REPORT OF BOARD OF EDUCATION OF NEW YORK CITY. "School Committees and Teachers are exposed to much annoyance from book agents. Their importunities for patronage are so urgent and persevering, that it is difficult to get rid of them, except by yielding to their wishes. And in furtherance of their mission, they sometimes intrude themselves into the schools, without the knowledge or consent of the Committee, to the no small interruption of the exercises, and even make use of means to get their books introduced without the action of the Committee, especially in remote districts. * * * ** The only safe rule on this subject is, that no agent shall ever enter a school room without being accompanied by some one of the Committee, or having their consent in writing, and that no book shall be used in any school, that is not placed on the list of books adopted, by an express and recorded vote of the Committee."

REPORT OF SCHOOL COMMITTEE OF SPRINGFIeld.

"The privileges of a High School are not only brought within reach of each district, but of all classes of community, and are actually enjoyed by the children of the same age, from families of the most diverse circumstances as to wealth, education and occupation. Side by side in the same recitations, heart and hand in the same sports, pressing up together to the same attainments in knowledge and character, are found the children of the rich and the poor,-the more and the less favored in outward circumstances, without knowing or caring for the arbitrary distinctions which classify and distract society.

"But for the existence of the High School, full three-fourths of those who have been its pupils would most probably never have enjoyed the opportunity of receiving

more than the lowest rudiments of knowledge. These are the results which should surely commend the High School to the calm judgment and decided support of the great mass of the community, and indeed of every philanthropist."

"The influence exerted by the establishment of the High School has been very marked and beneficial. It has caused a generous emulation and elevated the standard of education. It has produced a greater degree of thoroughness, and a better attendance in the common schools. It opens to the poorest child an avenue by which he can be admitted to the realms of knowledge, not as a charity but as a right. It opens to, all those advantages which heretofore money alone, or humiliating dependence could obtain.

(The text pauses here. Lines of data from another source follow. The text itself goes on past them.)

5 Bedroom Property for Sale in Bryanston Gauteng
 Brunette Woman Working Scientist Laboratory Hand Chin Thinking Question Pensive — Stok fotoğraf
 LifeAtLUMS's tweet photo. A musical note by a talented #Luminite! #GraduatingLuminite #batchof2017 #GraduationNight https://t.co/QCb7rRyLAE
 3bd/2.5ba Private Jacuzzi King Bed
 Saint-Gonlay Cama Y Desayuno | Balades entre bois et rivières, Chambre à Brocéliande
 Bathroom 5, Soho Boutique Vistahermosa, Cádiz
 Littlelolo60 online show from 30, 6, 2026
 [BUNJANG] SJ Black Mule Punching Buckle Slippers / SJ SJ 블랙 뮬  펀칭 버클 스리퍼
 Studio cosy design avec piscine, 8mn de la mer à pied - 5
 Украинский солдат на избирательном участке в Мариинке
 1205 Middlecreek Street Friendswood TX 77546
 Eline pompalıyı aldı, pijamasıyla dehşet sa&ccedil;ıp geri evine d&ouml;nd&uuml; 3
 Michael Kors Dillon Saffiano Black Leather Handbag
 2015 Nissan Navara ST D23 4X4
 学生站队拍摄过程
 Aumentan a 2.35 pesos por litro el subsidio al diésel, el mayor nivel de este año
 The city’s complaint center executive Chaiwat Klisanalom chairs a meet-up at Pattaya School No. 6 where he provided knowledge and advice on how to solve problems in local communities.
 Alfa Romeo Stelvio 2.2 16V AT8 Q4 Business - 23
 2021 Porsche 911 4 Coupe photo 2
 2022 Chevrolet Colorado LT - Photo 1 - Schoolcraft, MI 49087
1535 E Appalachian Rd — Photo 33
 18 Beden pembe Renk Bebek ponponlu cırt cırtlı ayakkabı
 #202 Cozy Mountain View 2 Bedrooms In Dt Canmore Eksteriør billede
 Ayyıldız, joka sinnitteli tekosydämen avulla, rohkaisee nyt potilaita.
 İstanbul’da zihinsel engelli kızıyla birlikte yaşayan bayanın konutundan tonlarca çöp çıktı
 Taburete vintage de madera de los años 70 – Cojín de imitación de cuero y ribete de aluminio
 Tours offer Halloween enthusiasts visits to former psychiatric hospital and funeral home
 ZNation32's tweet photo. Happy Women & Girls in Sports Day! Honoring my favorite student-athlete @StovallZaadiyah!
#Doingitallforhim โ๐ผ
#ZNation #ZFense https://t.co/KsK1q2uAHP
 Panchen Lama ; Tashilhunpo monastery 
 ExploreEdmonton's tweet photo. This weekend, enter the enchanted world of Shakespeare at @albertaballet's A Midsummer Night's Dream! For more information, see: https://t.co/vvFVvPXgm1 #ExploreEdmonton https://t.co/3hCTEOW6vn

"Our public High School has been in operation about ten years, and has during the whole of this time, been highly useful in many ways. It has been a stimulus to exertion to the scholars of the lower schools, and has furnished us with well educated teachers in our common schools.

"The influence of the High School is decidedly manifest in elevating public sentiment in reference to the advantages of common schools and the value of general education. It presents also a powerful and abiding stimulus to the scholars in the lower schools to greater dilligence and effort to qualify themselves to gain admission, so that even our grammar schools now, are far better than our best schools, public or private, before this system was introduced. The effect is also visible in removing the necessity for private schools; and the children of all classes now vie with each other on a common level for elevation, and the only ground for distinction is good scholarship and correct deportment. Nor can the benevolent mind contemplate without satisfactiou, its results in imparting a gratuitous edueation of an elevated character to hundreds of children whose means are totally inadequate to secure it in private schools.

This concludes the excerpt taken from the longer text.